We developed Medusa Proxy with the primary intention of using it with the scrapy-rotating-proxies Scrapy package.

Here are some logs extracted from a problematic crawler using 4 heads. If there had just been a single proxy then this would not have worked well at all.

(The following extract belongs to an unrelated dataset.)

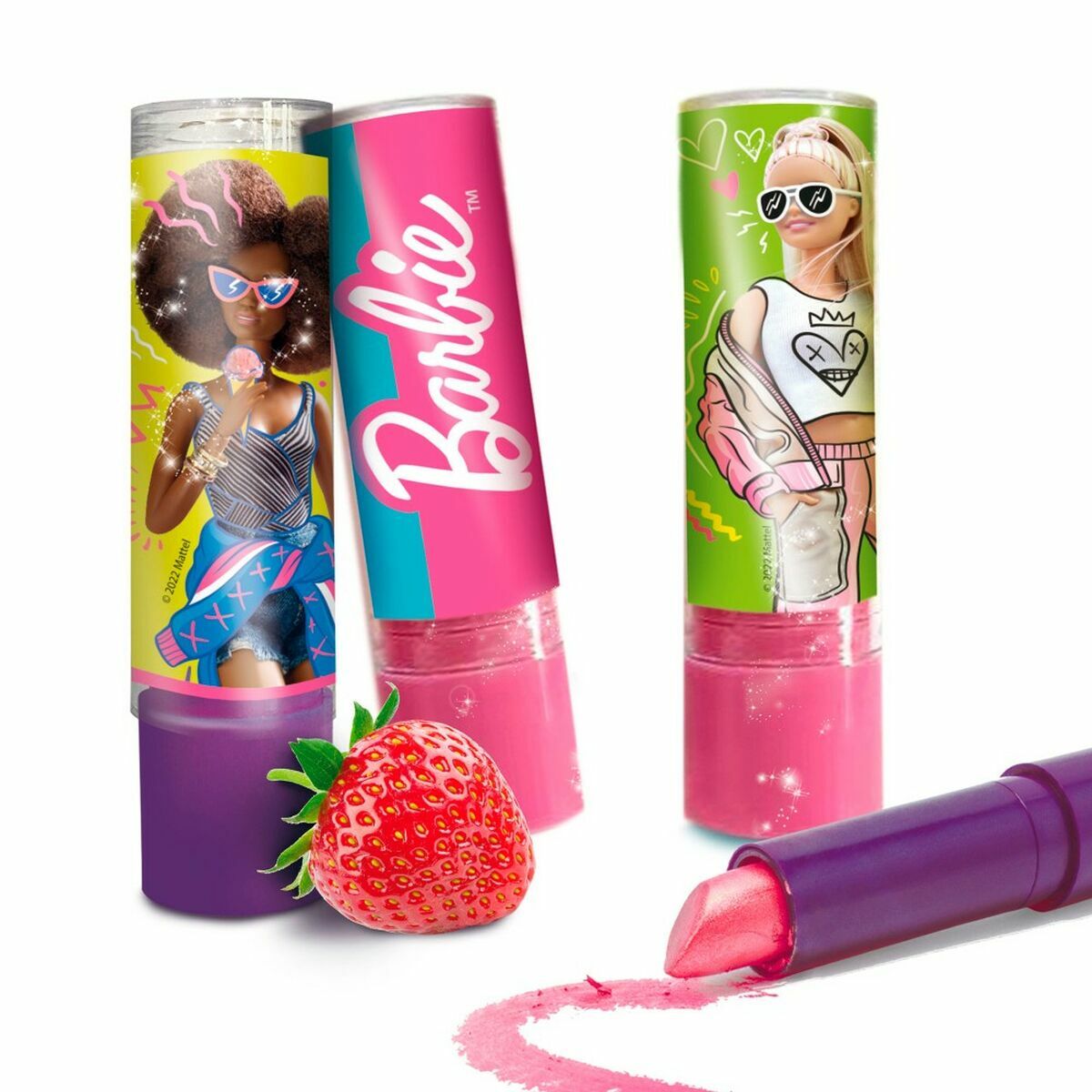 Kit para crear Maquillaje Lisciani Giochi Barbie 15 Piezas Pintalabios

2021-10-01 03:05:29 INFO:  Proxies(good: 0, dead: 0, unchecked: 4, reanimated: 0, mean backoff time: 0s)
2021-10-01 03:05:29 DEBUG: Proxy <http://127.0.0.1:8890> is GOOD
2021-10-01 03:05:36 DEBUG: Proxy <http://127.0.0.1:8889> is DEAD
2021-10-01 03:05:51 DEBUG: GOOD proxy became DEAD: <http://127.0.0.1:8890>
2021-10-01 03:05:59 INFO:  Proxies(good: 0, dead: 2, unchecked: 2, reanimated: 0, mean backoff time: 47s)
2021-10-01 03:06:00 DEBUG: Proxy <http://127.0.0.1:8889> is DEAD
2021-10-01 03:06:13 DEBUG: Proxy <http://127.0.0.1:8890> is DEAD
2021-10-01 03:06:24 DEBUG: Proxy <http://127.0.0.1:8888> is DEAD
2021-10-01 03:06:29 INFO:  Proxies(good: 0, dead: 3, unchecked: 1, reanimated: 0, mean backoff time: 29s)
2021-10-01 03:06:29 DEBUG: 1 proxies moved from 'dead' to 'reanimated'
2021-10-01 03:06:34 DEBUG: 1 proxies moved from 'dead' to 'reanimated'
2021-10-01 03:06:36 DEBUG: Proxy <http://127.0.0.1:8890> is DEAD
2021-10-01 03:06:52 DEBUG: Proxy <http://127.0.0.1:8890> is DEAD
2021-10-01 03:06:59 INFO:  Proxies(good: 0, dead: 1, unchecked: 1, reanimated: 2, mean backoff time: 175s)
2021-10-01 03:07:06 DEBUG: Proxy <http://127.0.0.1:8891> is DEAD
2021-10-01 03:07:22 DEBUG: Proxy <http://127.0.0.1:8890> is GOOD
2021-10-01 03:07:29 INFO:  Proxies(good: 1, dead: 1, unchecked: 0, reanimated: 2, mean backoff time: 46s)
2021-10-01 03:07:37 DEBUG: Proxy <http://127.0.0.1:8888> is DEAD
2021-10-01 03:07:50 DEBUG: Proxy <http://127.0.0.1:8891> is DEAD
2021-10-01 03:07:59 INFO:  Proxies(good: 1, dead: 2, unchecked: 0, reanimated: 1, mean backoff time: 42s)
2021-10-01 03:08:04 DEBUG: 1 proxies moved from 'dead' to 'reanimated'
2021-10-01 03:08:04 DEBUG: Proxy <http://127.0.0.1:8888> is DEAD
2021-10-01 03:08:18 DEBUG: Proxy <http://127.0.0.1:8891> is DEAD
2021-10-01 03:08:29 INFO:  Proxies(good: 1, dead: 2, unchecked: 0, reanimated: 1, mean backoff time: 63s)
2021-10-01 03:08:33 DEBUG: Proxy <http://127.0.0.1:8891> is DEAD
2021-10-01 03:08:43 DEBUG: Proxy <http://127.0.0.1:8888> is DEAD
2021-10-01 03:08:55 DEBUG: Proxy <http://127.0.0.1:8891> is DEAD
2021-10-01 03:08:59 INFO:  Proxies(good: 1, dead: 2, unchecked: 0, reanimated: 1, mean backoff time: 171s)
2021-10-01 03:08:59 DEBUG: 1 proxies moved from 'dead' to 'reanimated'
2021-10-01 03:09:09 DEBUG: Proxy <http://127.0.0.1:8888> is DEAD
2021-10-01 03:09:23 DEBUG: Proxy <http://127.0.0.1:8889> is GOOD
2021-10-01 03:09:29 INFO:  Proxies(good: 2, dead: 1, unchecked: 0, reanimated: 1, mean backoff time: 62s)
2021-10-01 03:09:36 DEBUG: GOOD proxy became DEAD: <http://127.0.0.1:8890>
2021-10-01 03:09:52 DEBUG: Proxy <http://127.0.0.1:8890> is DEAD
2021-10-01 03:09:59 INFO:  Proxies(good: 1, dead: 2, unchecked: 0, reanimated: 1, mean backoff time: 68s)
2021-10-01 03:10:12 DEBUG: GOOD proxy became DEAD: <http://127.0.0.1:8889>
2021-10-01 03:10:14 DEBUG: 1 proxies moved from 'dead' to 'reanimated'
2021-10-01 03:10:24 DEBUG: 1 proxies moved from 'dead' to 'reanimated'
2021-10-01 03:10:29 INFO:  Proxies(good: 0, dead: 1, unchecked: 0, reanimated: 3, mean backoff time: 73s)
2021-10-01 03:10:59 INFO:  Proxies(good: 0, dead: 1, unchecked: 0, reanimated: 3, mean backoff time: 73s)

The logs reflect the current state of each of the proxies, which can be either:

  • good — working fine
  • dead — broken
  • unchecked — has not yet been used; or
  • reanimated — previously broken but now ready to be tried again. A reanimated proxy might become either good or dead depending on how it functions when next used.

Technical Details 

The image is derived from the official Alpine image, onto which Python 3, Tor, HAProxy and Privoxy are installed. The configuration files for each of the services are created using Jinja templates.